# Managing a Shared Facility



## AshleyB (Feb 11, 2019)

Time to put on your wishing hats. Our city is considering building a shared used facility for "Arts Presentations" and have asked for input on what would help this type of space be successful. The ideas is that 2 High Schools, 8 Middle Schools, the elementary schools, plus any other community groups would be able to share the space for public performances. 

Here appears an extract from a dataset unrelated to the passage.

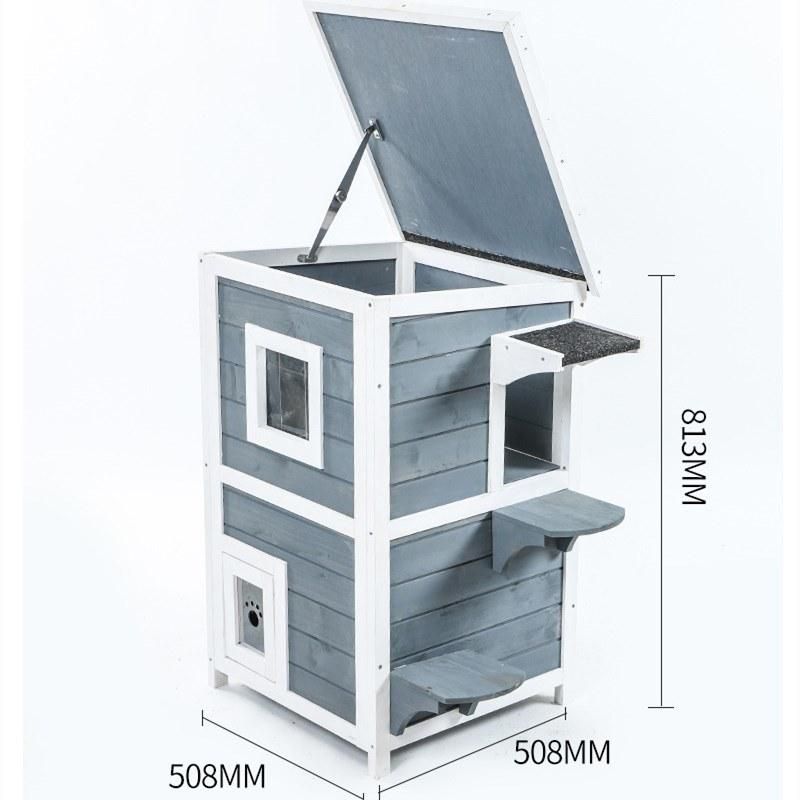 Wooden Deluxe Elevated Cat House with Porch and Balcony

Setting aside the scheduling nightmare, what is your MoSCoW list for such a facility? As a refresher, a MoSCoW list means breaking down your requirements into levels:

1. Must have these things...
2. Should Have
3. Could Have
4. Wish it could have

Example:
1. Must have :
-a full time TD
-loading dock 
-FOH to Booth to Backstage communication system
2. Should have a full time House/programming manager
3. Could have - High end wireless headset communication system
4. Wish it could have all LED/moving fixtures


----------



## RonHebbard (Feb 11, 2019)

AshleyB said:


> Time to put on your wishing hats. Our city is considering building a shared used facility for "Arts Presentations" and have asked for input on what would help this type of space be successful. The ideas is that 2 High Schools, 8 Middle Schools, the elementary schools, plus any other community groups would be able to share the space for public performances.
> 
> Setting aside the scheduling nightmare, what is your MoSCoW list for such a facility? As a refresher, a MoSCoW list means breaking down your requirements into levels:
> 
> ...


 *@AshleyB* A few quick thoughts in random order: UPS back-up on your production intercom system so you can communicate in case of power loss, black-outs. A "God Mic" system so you can give calming instructions to patrons and performers during situations involving power loss / fire / bomb threats. Of course it'd be nice to have generator back-up for all of your electrical needs but being able to calmly instruct patrons and performers during power loss situations is important. In my area of Canada, battery-powered emergency lights and exit signs are only mandated to remain lit for 30 minutes by which time many are down to a cherry red glow. I'm suggesting an SM's God mic system covering the patrons, stage and backstage areas is a good thing to have *fully powered* long enough and loud enough to calmly issue instructions pertinent to the situation. 
Toodleoo! 
Ron Hebbard


----------



## SteveB (Feb 11, 2019)

RonHebbard said:


> *@AshleyB* A few quick thoughts in random order: UPS back-up on your production intercom system so you can communicate in case of power loss, black-outs. A "God Mic" system so you can give calming instructions to patrons and performers during situations involving power loss / fire / bomb threats. Of course it'd be nice to have generator back-up for all of your electrical needs but being able to calmly instruct patrons and performers during power loss situations is important. In my area of Canada, battery-powered emergency lights and exit signs are only mandated to remain lit for 30 minutes by which time many are down to a cherry red glow. I'm suggesting an SM's God mic system covering the patrons, stage and backstage areas is a good thing to have *fully powered* long enough and loud enough to calmly issue instructions pertinent to the situation.
> Toodleoo!
> Ron Hebbard



Ron, you're retired ?. You still amaze me with these kinds of really useful suggestions. UPS the com's. Really good advice.


----------



## MNicolai (Feb 11, 2019)

Everyone pays, nobody gets a free lunch.

Even if the school is allocated x number of days per year in the room as part of their usage agreement, a budget needs to be tracked on consumables, labor, clean-up, and so forth fees. It's the only way to keep things in check and avoid groups asking for more than they actually need and then the venue carries the burden of those costs.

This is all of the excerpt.